WHAT YOU HAVE TO DO
Write out again, word for word, the lines below from the line that holds "ZETT Soft Baseball" through the line that holds "Custom Racing Shirt", omitting pictures.

DATA SUPPLIED

--- START ---

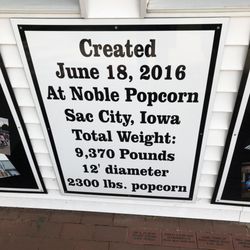 World's Largest Popcorn Ball - You'll have to see the actual popcorn ball for yourself!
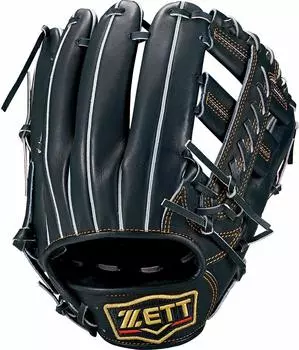ZETT Soft Baseball Glove Pro Status for Right Throwing Black 3 BRGB30026 (Glove) Second/Short (1900) Size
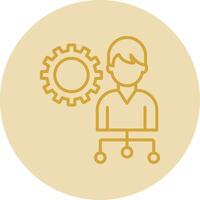 Management Line Yellow Circle Icon vector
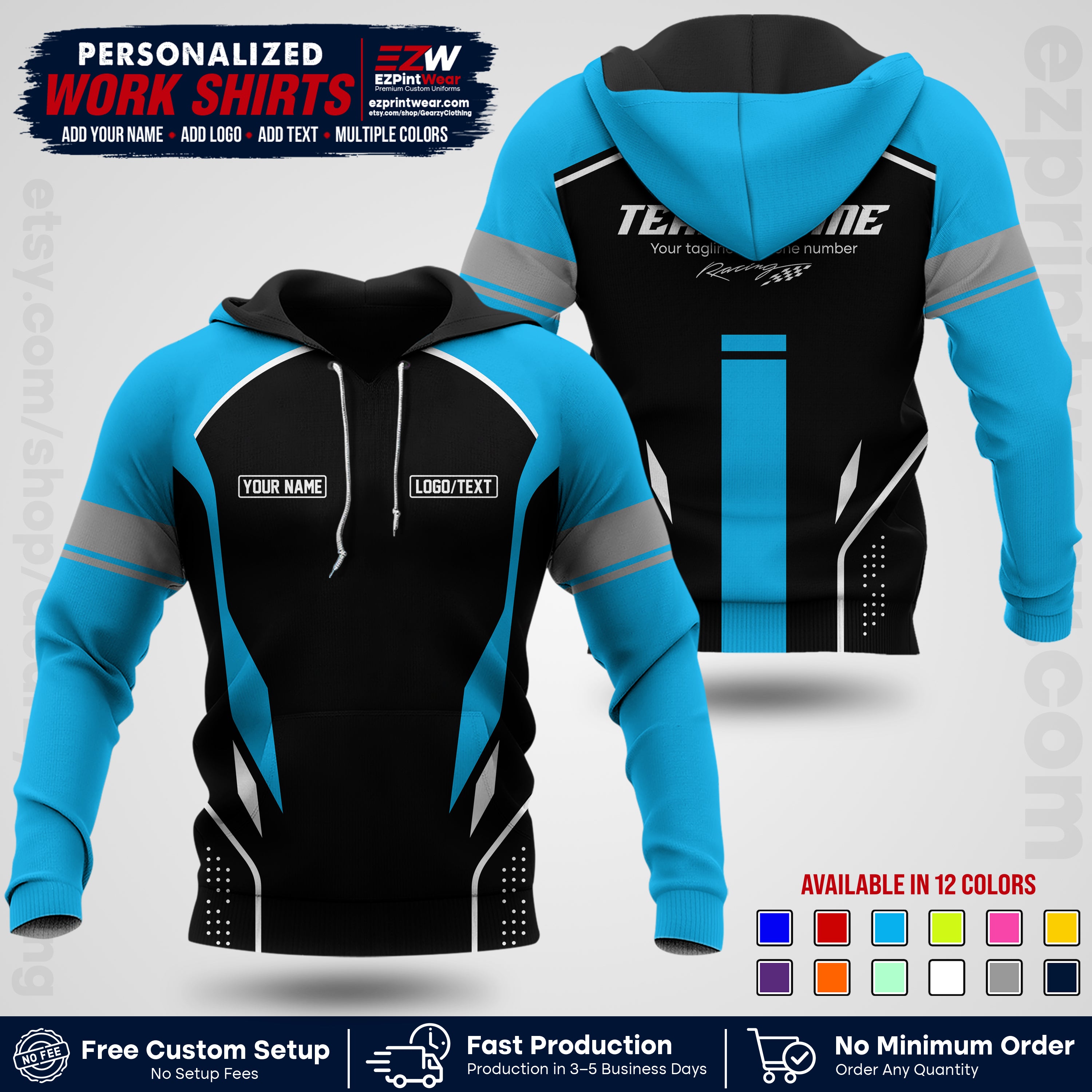 Custom Racing Shirt with Name, Logo & Text | Race Team Uniform | Crew Apparel RC06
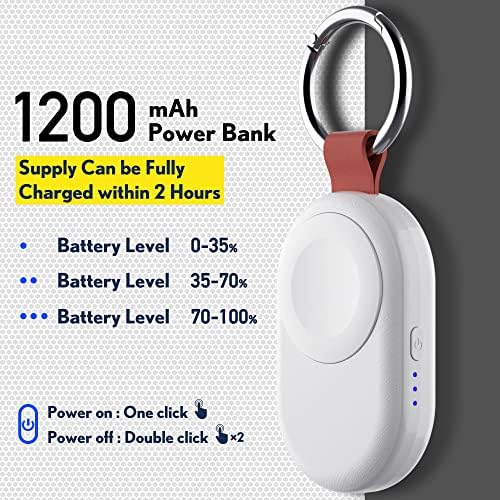 Compact PZOZ Wireless Travel Charger for Apple Watch – 1200 m Ah Fast Charging Power Bank with Keychain Design, Compatible with Series Ultra, 10, 9, 8, 7, 6, 5, 4, 3, 2, SE – Essential Portable Power Solution for On-the-Go Professionals and Fitness Enthusiasts in Sleek White Finish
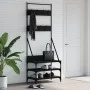 Perchero con zapatero negro 70x40x184 cm de , Organizadores de vestidores y perchas de barra - Ref: Foro24-837842, Precio: 74...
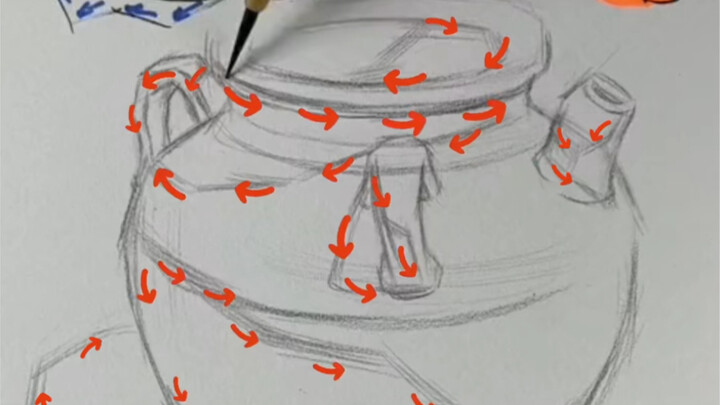 【رسم الطبيعة الصامتة】 تمرين رسم خطوط للجرّة مثالي للمبتدئين: سهل التعلّم في لمحة!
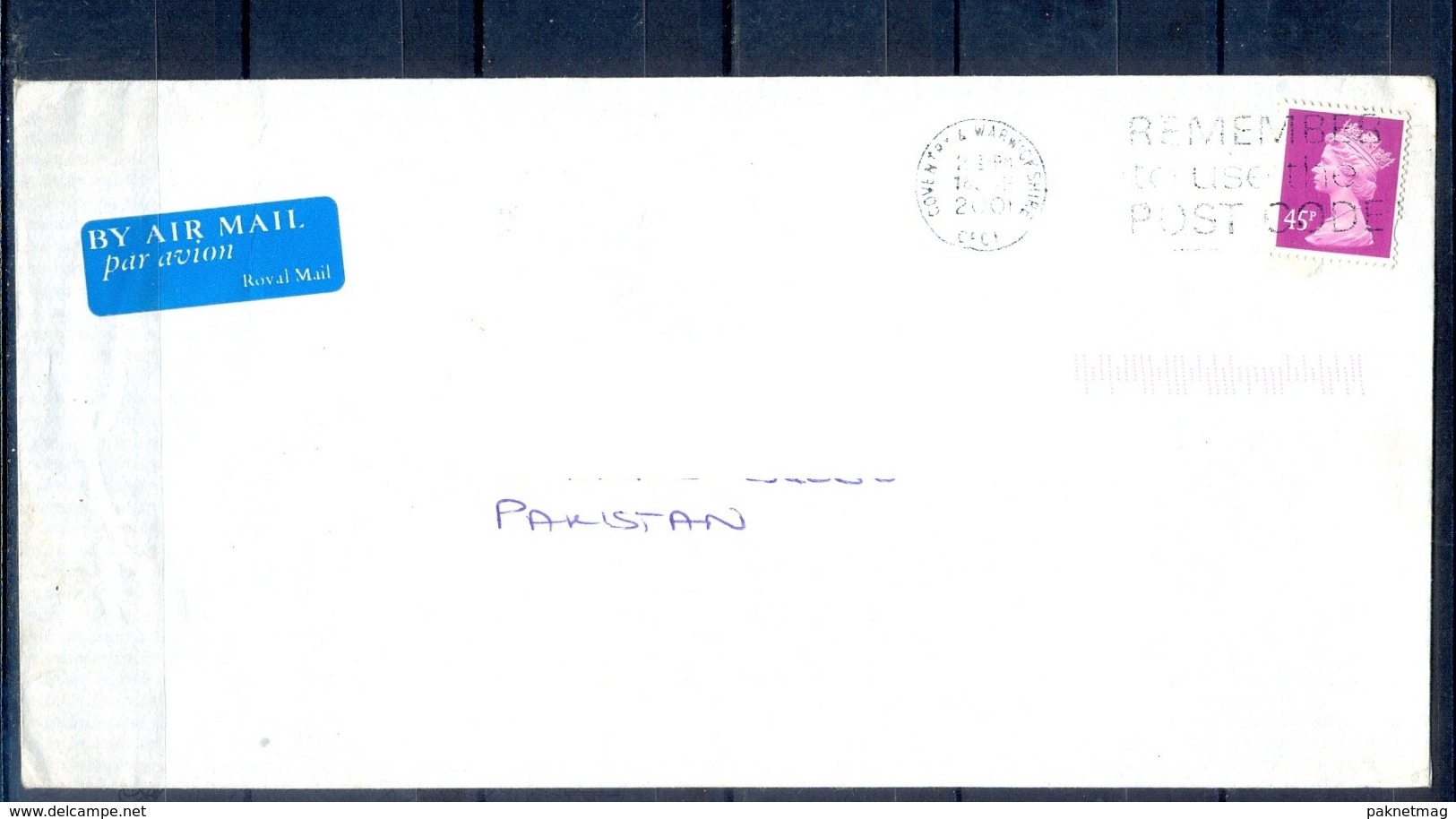 J470- Postal Used Cover. Posted From Great Britain England. UK To Pakistan. - Other & Unclassified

--- END ---

SOLVED PROBLEM
ZETT Soft Baseball Glove Pro Status for Right Throwing Black 3 BRGB30026 (Glove) Second/Short (1900) Size
 Management Line Yellow Circle Icon vector
 Custom Racing Shirt with Name, Logo & Text | Race Team Uniform | Crew Apparel RC06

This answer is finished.